Parallel legends were told in other parts of the Middle East at an early date. The Mesopotamian version was probably brought to Canaan, the land where the Israelites settled, by the patriarchs Abraham, Isaac, and Jacob. The tale was reshaped by later Hebrew writers into a narrative about God and his purposes for mankind. In this version it is the whole Earth that is to be flooded. Only Noah, his family, and the animals he collects are to be saved. The flooding lasts 40 days, and afterward Noah's Ark settles on top of a mountain.  

In Greek mythology the flood was first mentioned by the poet Pindar in the 5th century BC. In this legend Zeus has decided to destroy the Earth. Only King Deucalion and his family are saved by taking refuge in an ark well stocked with provisions.  

Religious texts from the 6th century BC in India tell the story of Manu, meaning "man," who is warned by a fish about a coming flood. In the legend Manu builds a boat and saves himself.  

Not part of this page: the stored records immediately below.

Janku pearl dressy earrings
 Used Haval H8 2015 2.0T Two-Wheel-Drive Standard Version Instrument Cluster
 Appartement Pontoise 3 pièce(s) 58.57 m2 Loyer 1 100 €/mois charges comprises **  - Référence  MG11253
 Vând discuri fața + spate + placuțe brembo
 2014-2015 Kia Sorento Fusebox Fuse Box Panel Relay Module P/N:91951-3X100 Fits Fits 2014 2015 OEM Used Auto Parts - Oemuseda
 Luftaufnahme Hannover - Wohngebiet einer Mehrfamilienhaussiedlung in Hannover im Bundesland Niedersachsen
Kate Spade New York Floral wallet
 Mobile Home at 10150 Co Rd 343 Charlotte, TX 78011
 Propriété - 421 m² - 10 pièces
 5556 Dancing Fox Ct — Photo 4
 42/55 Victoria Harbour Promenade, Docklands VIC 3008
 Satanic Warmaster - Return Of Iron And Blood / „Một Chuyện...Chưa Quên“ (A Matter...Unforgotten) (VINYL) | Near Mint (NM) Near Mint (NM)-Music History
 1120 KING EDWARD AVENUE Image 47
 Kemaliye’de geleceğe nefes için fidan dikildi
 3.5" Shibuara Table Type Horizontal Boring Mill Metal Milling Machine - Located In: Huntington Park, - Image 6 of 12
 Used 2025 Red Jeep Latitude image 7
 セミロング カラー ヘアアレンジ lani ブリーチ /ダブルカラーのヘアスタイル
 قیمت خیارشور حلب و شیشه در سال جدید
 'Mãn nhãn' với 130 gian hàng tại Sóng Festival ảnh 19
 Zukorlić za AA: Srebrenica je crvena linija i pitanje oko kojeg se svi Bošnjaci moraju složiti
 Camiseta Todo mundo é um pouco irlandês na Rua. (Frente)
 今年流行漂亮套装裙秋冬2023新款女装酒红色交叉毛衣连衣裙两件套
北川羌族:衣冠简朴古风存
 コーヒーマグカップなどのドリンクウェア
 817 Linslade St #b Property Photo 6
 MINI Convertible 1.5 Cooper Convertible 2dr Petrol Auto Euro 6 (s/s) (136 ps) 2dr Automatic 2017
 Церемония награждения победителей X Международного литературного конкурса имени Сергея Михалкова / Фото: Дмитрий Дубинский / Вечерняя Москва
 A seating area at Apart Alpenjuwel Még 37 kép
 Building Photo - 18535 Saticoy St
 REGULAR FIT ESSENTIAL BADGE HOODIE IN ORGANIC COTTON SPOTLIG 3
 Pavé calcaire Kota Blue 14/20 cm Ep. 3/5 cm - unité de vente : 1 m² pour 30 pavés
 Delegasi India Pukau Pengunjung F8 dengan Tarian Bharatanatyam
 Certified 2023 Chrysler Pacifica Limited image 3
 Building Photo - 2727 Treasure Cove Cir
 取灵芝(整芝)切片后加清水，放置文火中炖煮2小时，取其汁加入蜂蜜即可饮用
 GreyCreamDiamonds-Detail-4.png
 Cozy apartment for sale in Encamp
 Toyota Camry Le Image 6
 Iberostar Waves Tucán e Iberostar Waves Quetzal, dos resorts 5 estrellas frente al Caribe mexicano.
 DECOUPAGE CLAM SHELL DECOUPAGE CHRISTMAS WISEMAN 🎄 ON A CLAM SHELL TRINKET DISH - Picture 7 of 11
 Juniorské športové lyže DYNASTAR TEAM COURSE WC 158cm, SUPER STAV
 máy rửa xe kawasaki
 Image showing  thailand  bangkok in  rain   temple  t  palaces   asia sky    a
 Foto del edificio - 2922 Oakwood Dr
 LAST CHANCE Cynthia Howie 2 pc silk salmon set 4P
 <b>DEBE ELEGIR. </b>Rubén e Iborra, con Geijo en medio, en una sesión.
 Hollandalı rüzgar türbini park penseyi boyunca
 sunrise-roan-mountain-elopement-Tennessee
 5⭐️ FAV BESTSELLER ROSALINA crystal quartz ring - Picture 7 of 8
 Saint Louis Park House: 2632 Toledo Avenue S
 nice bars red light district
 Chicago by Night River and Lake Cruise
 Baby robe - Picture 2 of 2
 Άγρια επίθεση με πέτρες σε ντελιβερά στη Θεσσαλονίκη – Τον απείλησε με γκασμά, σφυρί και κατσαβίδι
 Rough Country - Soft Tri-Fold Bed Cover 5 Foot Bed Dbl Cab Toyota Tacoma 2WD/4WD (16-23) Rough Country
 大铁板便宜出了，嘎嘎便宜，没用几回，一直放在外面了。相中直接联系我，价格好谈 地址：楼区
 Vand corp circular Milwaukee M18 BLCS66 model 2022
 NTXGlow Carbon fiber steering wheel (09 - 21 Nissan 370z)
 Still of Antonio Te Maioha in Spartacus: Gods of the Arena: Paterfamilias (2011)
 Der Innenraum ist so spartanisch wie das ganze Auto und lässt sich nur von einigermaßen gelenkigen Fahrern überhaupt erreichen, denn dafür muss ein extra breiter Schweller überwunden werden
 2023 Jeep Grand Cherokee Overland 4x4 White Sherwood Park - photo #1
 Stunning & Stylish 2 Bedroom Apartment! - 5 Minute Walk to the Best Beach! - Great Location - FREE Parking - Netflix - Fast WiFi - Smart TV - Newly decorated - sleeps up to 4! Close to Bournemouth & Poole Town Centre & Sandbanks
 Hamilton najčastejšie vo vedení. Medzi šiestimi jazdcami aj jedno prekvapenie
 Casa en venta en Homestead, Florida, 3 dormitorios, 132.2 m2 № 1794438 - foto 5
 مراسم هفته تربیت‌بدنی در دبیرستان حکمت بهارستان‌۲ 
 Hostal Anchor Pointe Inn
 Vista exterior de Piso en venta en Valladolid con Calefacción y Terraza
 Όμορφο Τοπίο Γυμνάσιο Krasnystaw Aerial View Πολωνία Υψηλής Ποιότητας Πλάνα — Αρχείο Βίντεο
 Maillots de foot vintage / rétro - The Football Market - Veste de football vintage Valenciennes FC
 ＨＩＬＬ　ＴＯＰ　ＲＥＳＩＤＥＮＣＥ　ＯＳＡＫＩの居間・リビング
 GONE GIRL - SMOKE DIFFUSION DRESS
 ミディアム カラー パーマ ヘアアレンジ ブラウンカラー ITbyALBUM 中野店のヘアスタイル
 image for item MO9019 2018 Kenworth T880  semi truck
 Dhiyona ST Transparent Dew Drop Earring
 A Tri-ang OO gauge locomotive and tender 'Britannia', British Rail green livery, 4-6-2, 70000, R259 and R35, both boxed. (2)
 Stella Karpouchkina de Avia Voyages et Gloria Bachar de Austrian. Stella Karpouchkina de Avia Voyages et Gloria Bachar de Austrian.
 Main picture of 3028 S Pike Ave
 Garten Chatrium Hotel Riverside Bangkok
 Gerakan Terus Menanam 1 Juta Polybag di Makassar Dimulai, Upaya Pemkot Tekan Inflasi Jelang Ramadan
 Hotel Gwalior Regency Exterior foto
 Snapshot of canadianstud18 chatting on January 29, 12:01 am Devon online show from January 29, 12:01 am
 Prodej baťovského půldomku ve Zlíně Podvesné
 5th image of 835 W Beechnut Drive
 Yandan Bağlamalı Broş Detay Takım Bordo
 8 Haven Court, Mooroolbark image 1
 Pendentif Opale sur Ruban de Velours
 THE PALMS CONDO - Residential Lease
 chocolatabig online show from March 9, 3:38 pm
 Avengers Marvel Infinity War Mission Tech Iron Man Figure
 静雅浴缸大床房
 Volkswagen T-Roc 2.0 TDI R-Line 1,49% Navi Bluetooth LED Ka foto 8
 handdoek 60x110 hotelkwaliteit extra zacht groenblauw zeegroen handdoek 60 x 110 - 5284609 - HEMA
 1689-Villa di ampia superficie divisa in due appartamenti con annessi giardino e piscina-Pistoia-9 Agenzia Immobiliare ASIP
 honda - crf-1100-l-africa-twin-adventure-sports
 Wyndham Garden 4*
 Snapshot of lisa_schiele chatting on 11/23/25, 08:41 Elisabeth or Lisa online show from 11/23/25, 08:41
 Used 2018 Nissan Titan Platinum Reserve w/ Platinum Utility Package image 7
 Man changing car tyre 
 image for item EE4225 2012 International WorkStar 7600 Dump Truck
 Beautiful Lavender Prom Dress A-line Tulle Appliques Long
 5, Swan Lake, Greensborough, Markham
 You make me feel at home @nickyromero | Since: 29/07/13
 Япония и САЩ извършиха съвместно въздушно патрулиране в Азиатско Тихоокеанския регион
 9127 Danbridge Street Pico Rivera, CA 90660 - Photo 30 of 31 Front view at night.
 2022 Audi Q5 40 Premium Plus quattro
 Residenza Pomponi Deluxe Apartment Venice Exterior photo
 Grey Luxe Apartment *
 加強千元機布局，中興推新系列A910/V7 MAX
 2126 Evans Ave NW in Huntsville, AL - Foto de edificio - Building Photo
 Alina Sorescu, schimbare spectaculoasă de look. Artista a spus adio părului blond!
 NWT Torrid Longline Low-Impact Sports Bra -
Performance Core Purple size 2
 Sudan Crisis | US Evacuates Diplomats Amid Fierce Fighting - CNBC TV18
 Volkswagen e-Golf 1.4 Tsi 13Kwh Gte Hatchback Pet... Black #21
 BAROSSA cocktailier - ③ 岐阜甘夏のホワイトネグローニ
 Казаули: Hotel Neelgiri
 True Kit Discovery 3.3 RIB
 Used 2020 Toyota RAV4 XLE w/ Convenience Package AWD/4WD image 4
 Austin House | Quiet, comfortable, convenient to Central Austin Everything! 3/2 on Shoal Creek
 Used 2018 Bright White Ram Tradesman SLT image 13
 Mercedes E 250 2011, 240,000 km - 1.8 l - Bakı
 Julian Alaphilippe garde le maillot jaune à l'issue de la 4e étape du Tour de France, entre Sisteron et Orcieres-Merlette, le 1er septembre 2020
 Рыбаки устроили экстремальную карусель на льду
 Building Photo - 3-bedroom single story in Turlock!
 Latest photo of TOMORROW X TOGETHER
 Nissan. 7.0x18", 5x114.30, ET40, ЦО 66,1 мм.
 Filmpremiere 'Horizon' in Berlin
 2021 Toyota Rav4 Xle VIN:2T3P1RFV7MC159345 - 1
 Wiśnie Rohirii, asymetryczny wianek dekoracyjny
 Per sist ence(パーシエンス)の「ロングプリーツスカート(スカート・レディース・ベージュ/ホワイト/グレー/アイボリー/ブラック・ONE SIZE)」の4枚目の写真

In China the flood myth had a different emphasis from the legends told in the West. The flooding of the land from time immemorial was seen as a hindrance to agriculture. The floodwaters were made to recede through the labors of a savior-hero named Yu the Great, who successfully dredged the land to provide outlets to the sea for the water. Thus was the great central river valley of China made suitable for agriculture and the development of civilization.